TNP gets cash to help market markets
WARREN — Farmers and farmers market managers in Trumbull and Mahoning counties can partner with Trumbull Neighborhood Partnership to market their markets and produce.
TNP received about $200,000 from the U.S. Department of Agriculture to assist farmers and markets with marketing, in hopes of increasing customers.
“TNP will manage $197,452 over a three-year period to provide support and assistance to farmers markets in the Mahoning Valley, building capacity and long-term sustainability through the creation of the Mahoning Valley Farmers Market Network. The Mahoning Valley Farmers Market Network will serve as a collaborative entity of both farmers market managers and vendors and will promote best practices in marketing and food safety in support of the overall farmers market system in the Mahoning Valley. Through this project, markets will be able to increase their capacity and realize their power to promote this critical piece of the local food system in the Mahoning Valley, where far too many residents lack sufficient access to fresh produce in their community,” a news release from TNP states.
Anyone growing fresh food, or providing a space for growing fresh food can participate, said Cassandra Clevenger, TNP community resource coordinator.
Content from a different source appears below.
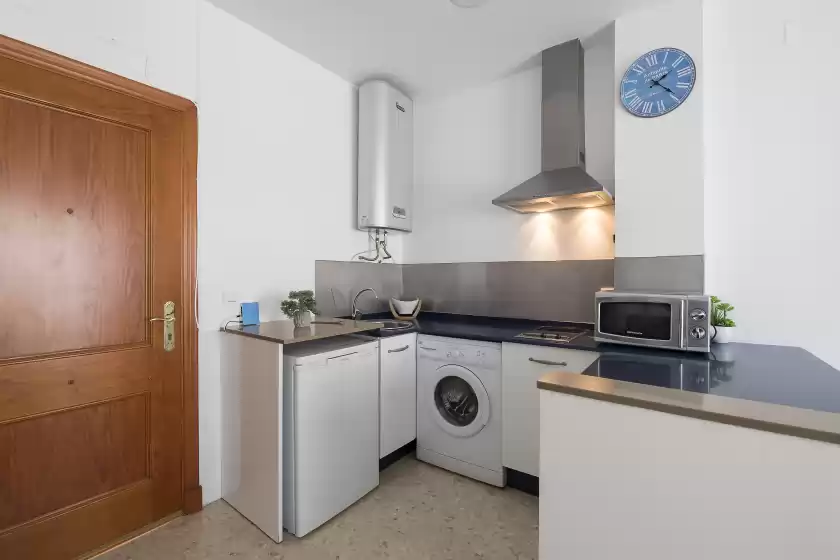 Alquiler vacacional en Loft san mateo, Tarifa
Food cooperatives also can participate.
“Many folks in the Mahoning Valley are still unaware that there is a plethora of fresh and local foods being sold in their communities by way of farmers markets. Through this support for farmers and markets to accept more forms of non-cash payment and emphasize promotion, TNP seeks to collaborate within the local food system to make sure our local farmers markets are successful and sustainable,” Clevenger said.
During the life of the program, TNP will work with the OSU Extension Office to update directories of farmers and conduct outreach so farmers, producers and shoppers know what opportunities are available.
“We want to create a collective impact that builds sustainability for the farmers and farmers markets in the community,” Clevenger said. “Most of us have seen a decline in sales and attendance, but if we come together and figure out a way to market it, and to share the different skills and knowledge of the individual markets, we can learn from one another and reach the customers. We know there are quite a few markets and there are hundreds of thousands of people between the two counties. There are enough customers to go around, we just need to ensure we reach them.”
Marketing can be quite expensive, but individuals or organizations that believe they may qualify and could use some help can feel free to reach out to Clevenger at their earliest convenience.
“Let’s talk now,” Clevenger said.
Contact Cassandra Clevenger, GROW program director, at 330-774-8896 or Cassandra@tnpwarren.org.
TNP, through its GROW and Warren Farmers Market programs, has worked since its 2010 inception on mitigating the impact of food deserts in Warren and Trumbull County through its GROW, Warren Farmers Market, and other programs. The organization released the Warren Community Food Security Strategic Plan in 2017, which identified impediments to healthy food access and emphasized the need to take a multi-faceted approach to working within the food system including supporting urban agriculture, farmers markets, and partnering with existing retail nodes like corner stores to increase fresh food offerings.
The plan is available on tnpwarren.org.